> _About this task_: The reply must contain exactly the lines below from the one with "The eastern part" down to the one with "A kitchen with", both included, and nothing more; please omit the pictures.

> _Given data_:
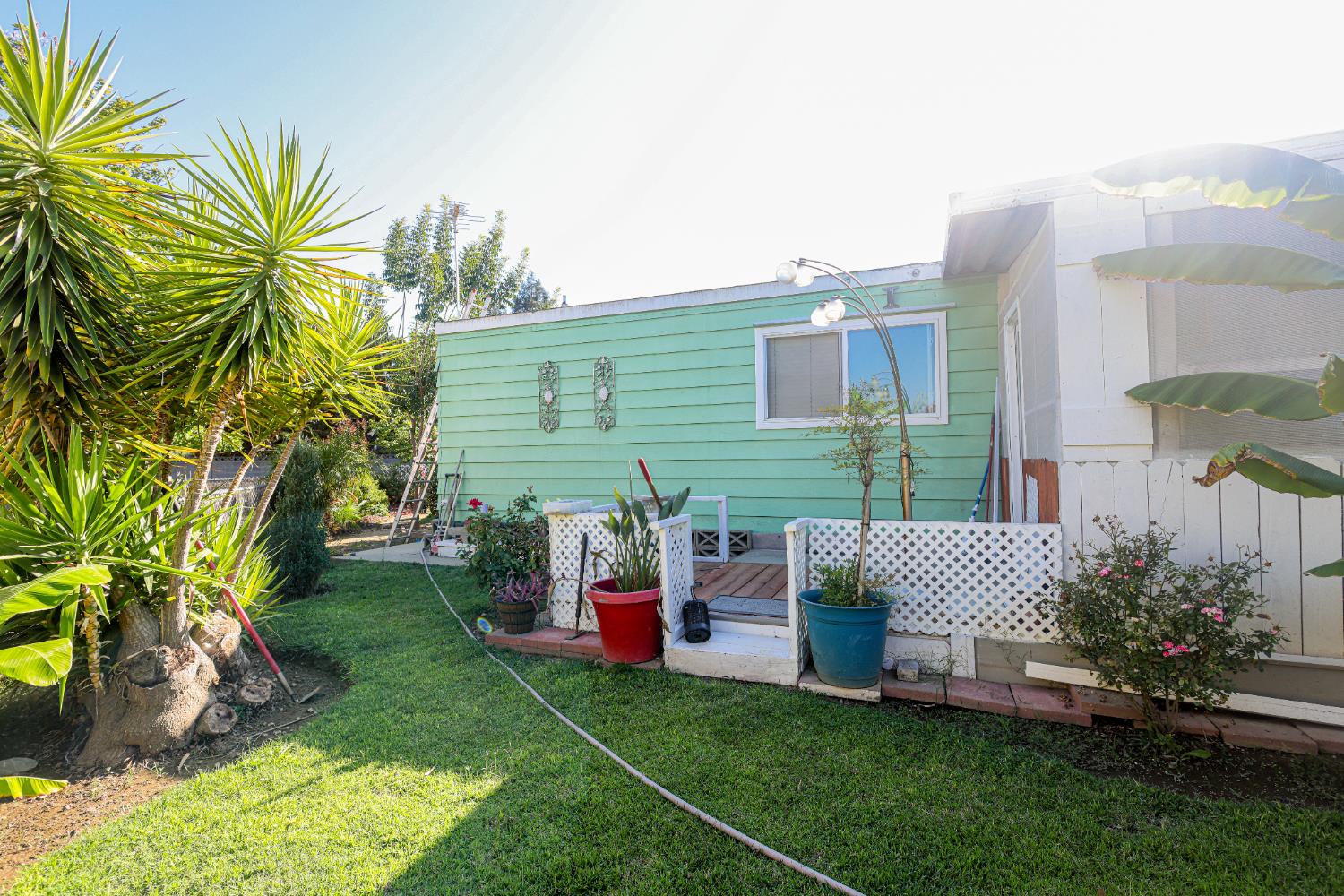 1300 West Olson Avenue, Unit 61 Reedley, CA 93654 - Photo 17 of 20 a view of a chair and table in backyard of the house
...
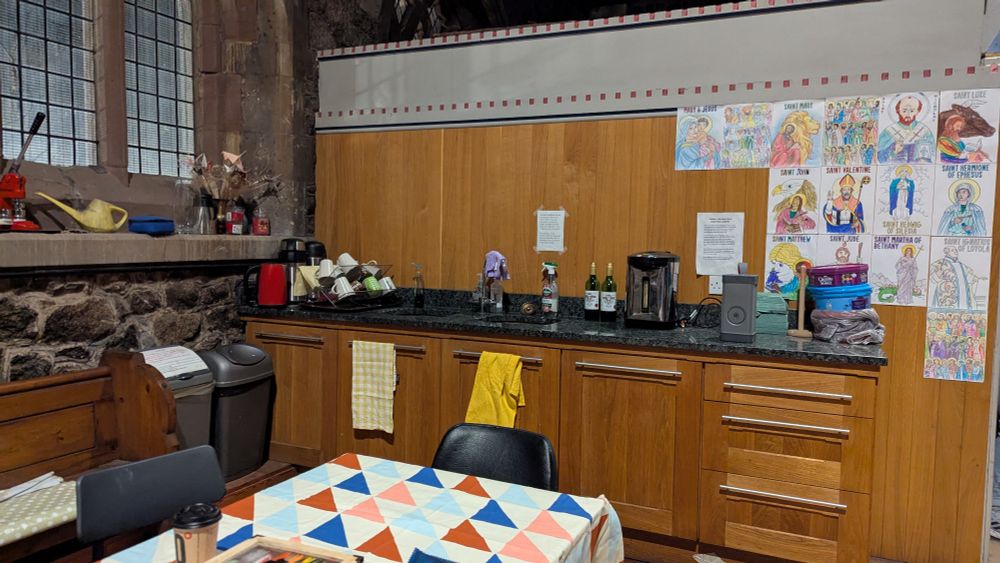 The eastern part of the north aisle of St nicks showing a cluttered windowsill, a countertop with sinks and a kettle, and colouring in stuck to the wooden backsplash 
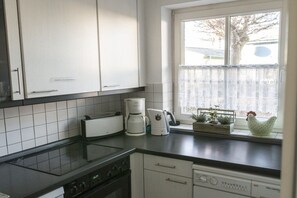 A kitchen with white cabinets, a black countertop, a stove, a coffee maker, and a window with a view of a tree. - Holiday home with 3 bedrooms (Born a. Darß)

> _Solution for this exercise_:
 The eastern part of the north aisle of St nicks showing a cluttered windowsill, a countertop with sinks and a kettle, and colouring in stuck to the wooden backsplash 
 A kitchen with white cabinets, a black countertop, a stove, a coffee maker, and a window with a view of a tree. - Holiday home with 3 bedrooms (Born a. Darß)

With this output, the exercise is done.